Beautiful Ruins by Jess Walter


Jul 3, 2013

The sun.  The coast.  You are luxuriating in the beautiful descriptions of Porto Vergogna, Italy.  But then  an American actress enters  Pasquali Tursi’s family pensione —the Hotel Adequate View.   She enters and leaves mysteriously and we spend the book searching for the beautiful Dee Moray. But in this idyllic setting we become involved in a cast of characters who are not beautiful.  They are flawed, searching, trying to make it through their version of life.  That search takes us from World War II to the present, from Italy to America and back again in a journey that is pure fun.  In Beautiful Ruins, author Jess Walter has woven a story from many stories: an aging producer, his young film student, an angst- ridden author, a half-baked rocker —even Richard Burton gets in on the act.
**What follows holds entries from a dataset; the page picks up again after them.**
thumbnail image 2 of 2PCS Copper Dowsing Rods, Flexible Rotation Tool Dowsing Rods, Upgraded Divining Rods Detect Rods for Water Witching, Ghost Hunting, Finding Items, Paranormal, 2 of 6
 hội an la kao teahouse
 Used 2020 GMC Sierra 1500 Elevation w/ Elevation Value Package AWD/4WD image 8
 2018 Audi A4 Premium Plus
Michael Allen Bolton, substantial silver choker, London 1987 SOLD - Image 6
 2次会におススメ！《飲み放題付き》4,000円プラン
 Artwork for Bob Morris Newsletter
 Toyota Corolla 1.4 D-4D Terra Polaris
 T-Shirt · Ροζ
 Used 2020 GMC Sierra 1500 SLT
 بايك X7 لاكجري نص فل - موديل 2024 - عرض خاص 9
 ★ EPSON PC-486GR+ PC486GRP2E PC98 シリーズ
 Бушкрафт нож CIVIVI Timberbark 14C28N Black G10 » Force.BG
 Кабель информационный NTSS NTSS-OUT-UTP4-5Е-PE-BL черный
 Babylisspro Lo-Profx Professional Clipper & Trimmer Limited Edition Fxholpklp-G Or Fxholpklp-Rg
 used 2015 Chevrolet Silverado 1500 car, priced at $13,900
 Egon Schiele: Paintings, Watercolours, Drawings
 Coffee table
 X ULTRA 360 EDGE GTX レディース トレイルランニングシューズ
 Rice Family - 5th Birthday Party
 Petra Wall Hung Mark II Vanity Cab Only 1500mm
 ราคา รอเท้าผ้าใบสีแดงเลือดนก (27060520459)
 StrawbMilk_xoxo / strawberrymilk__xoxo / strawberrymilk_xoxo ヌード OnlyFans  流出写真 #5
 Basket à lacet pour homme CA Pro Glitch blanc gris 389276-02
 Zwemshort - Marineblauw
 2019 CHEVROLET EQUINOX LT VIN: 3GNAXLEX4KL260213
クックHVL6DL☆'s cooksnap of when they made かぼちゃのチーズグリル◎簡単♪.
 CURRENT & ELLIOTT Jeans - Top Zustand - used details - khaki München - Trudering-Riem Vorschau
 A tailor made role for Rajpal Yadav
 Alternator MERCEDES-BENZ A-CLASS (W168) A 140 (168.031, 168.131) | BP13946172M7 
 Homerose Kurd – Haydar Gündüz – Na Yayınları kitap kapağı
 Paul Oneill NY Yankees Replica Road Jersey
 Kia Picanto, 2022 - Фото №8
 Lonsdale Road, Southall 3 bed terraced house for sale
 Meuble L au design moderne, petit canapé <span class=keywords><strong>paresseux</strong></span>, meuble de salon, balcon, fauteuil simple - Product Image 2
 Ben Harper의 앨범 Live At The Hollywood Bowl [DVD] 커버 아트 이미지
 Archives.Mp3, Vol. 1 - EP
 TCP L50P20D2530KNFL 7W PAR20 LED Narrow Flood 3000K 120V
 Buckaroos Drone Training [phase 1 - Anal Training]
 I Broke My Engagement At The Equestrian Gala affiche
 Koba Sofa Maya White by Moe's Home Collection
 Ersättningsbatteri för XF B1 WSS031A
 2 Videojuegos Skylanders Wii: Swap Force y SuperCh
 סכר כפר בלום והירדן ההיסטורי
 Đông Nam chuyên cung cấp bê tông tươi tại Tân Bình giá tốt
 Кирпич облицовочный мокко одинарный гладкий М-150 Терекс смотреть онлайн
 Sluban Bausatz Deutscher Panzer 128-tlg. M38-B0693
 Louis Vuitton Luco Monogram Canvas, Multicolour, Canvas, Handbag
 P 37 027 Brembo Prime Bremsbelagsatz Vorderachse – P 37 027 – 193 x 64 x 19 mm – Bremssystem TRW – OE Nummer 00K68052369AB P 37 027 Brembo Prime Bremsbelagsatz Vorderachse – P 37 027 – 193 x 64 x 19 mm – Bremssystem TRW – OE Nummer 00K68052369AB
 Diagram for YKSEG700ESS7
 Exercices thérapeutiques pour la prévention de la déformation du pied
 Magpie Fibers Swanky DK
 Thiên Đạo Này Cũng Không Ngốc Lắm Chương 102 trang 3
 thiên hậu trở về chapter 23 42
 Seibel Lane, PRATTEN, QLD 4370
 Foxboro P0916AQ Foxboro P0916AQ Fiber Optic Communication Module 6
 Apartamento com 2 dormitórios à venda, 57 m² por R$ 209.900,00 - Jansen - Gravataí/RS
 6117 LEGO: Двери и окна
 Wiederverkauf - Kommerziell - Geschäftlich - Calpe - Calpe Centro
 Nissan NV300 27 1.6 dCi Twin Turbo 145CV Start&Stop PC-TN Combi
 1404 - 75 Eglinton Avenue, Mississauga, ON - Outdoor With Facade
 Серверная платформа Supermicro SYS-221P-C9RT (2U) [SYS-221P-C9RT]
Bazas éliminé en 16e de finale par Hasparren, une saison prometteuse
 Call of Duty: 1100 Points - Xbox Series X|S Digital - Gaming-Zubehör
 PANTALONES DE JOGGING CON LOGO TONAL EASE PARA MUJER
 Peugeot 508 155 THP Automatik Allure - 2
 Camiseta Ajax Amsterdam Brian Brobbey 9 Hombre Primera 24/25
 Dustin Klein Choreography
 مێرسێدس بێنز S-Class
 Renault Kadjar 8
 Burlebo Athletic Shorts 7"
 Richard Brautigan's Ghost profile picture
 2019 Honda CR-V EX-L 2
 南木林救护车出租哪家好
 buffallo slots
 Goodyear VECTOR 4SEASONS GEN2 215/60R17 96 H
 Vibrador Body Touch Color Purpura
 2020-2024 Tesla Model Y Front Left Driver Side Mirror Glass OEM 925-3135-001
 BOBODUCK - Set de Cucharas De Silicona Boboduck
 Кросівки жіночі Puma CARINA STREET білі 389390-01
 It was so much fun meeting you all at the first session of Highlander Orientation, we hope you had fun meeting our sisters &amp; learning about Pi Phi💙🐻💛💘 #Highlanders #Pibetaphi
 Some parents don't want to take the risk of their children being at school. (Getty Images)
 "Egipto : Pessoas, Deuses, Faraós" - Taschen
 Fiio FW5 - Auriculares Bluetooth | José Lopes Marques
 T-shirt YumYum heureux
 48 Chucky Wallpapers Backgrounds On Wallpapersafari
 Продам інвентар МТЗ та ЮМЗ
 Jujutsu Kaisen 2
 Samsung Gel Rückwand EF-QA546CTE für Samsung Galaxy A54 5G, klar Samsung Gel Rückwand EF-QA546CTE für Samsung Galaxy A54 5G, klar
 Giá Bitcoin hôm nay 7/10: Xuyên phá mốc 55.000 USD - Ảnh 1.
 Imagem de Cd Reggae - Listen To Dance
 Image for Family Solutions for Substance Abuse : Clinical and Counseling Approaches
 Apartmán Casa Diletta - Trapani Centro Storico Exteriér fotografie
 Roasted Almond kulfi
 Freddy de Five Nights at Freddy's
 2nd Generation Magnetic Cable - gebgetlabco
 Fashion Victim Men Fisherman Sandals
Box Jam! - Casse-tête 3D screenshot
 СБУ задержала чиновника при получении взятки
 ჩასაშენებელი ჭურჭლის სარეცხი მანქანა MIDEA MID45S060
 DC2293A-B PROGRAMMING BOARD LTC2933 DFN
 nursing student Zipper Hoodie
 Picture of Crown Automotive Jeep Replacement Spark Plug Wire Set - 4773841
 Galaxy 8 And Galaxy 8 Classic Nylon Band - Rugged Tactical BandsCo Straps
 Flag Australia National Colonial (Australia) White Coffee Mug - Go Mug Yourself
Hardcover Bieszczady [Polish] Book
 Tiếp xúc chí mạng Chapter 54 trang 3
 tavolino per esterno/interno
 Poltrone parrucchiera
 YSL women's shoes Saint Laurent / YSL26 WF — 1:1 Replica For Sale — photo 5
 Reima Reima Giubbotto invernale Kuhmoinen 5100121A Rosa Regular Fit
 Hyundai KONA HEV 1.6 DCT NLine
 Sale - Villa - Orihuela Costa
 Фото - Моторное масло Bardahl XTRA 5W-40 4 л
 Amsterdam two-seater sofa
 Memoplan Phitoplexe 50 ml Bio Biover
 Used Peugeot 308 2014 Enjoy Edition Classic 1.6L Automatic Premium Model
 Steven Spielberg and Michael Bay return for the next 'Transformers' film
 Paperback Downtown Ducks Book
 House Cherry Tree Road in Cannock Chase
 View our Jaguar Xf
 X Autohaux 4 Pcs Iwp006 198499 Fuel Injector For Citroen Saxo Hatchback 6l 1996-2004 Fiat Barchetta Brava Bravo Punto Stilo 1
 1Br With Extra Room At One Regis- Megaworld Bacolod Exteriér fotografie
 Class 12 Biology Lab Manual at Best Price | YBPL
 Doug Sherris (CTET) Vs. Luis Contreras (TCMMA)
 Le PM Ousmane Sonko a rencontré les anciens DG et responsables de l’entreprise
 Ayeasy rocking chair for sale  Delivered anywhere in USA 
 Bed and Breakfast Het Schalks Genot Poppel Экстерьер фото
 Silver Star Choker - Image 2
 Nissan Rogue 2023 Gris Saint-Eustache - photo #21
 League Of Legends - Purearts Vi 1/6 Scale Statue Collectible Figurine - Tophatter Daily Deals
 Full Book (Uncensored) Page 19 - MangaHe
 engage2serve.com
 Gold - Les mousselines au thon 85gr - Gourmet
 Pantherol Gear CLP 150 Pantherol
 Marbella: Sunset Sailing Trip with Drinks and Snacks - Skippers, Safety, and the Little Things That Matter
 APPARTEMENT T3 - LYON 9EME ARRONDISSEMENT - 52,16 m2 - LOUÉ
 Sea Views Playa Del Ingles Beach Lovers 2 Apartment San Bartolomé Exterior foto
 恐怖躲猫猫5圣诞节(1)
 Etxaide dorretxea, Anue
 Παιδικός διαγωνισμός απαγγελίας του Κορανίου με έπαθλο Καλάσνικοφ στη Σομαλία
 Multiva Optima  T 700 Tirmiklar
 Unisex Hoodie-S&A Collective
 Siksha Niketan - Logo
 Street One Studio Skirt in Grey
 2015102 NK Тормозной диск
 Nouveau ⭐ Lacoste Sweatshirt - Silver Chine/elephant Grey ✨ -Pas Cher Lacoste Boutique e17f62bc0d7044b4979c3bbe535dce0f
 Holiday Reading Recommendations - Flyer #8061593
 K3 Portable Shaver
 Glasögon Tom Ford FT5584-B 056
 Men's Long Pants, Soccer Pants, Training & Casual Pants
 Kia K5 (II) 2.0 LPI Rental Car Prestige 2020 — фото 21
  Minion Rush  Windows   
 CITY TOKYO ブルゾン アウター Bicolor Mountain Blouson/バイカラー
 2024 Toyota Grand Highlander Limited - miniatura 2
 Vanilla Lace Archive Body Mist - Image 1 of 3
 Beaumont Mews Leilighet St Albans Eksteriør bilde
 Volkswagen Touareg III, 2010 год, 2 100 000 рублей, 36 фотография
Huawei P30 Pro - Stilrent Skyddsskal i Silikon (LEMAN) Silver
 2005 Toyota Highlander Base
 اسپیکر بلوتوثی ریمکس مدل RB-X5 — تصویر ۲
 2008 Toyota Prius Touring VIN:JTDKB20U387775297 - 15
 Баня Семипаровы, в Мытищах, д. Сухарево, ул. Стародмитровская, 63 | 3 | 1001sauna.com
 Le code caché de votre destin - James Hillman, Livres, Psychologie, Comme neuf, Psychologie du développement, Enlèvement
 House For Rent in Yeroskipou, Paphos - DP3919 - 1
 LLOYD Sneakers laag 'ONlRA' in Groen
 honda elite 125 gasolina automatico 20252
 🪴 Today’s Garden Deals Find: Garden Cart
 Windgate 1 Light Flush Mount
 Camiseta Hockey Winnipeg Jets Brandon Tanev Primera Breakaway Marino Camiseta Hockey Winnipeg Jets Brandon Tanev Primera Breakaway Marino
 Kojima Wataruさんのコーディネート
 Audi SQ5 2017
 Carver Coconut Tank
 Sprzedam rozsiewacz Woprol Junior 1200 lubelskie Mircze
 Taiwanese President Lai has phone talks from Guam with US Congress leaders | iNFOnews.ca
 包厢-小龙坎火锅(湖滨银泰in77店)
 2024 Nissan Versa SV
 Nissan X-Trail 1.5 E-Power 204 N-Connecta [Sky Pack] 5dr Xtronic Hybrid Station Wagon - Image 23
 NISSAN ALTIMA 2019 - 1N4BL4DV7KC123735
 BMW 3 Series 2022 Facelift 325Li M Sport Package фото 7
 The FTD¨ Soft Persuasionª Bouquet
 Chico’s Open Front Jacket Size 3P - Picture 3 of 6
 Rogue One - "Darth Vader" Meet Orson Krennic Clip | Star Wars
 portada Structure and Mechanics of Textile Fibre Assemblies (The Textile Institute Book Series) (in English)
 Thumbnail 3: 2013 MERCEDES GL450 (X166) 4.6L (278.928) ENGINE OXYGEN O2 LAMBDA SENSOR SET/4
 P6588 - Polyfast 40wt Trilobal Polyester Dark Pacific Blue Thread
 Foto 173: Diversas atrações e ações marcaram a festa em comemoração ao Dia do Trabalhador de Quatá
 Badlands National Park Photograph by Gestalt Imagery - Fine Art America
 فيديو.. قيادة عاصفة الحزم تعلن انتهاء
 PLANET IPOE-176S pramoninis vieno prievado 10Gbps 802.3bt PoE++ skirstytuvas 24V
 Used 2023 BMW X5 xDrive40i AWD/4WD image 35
But they are not trite.  They are rich with detail that ranges from heartbreaking to laugh-out-loud funny.   All are the back story in     Pasquali’s quest to find the truth about this young actress.  And that is the point.  All these flawed, so-called beautiful people, with their lies and self-serving deceits, are searching for what is real.   And the author does this with such skill, flipping back and forth in time—which is often a complaint when novelists do this—but here it just re-enforces the mystery and is done expertly.  Grab your sunglasses, find a beach and enjoy this perfect beach read that in the end is more than a romp; it is a quest for truth.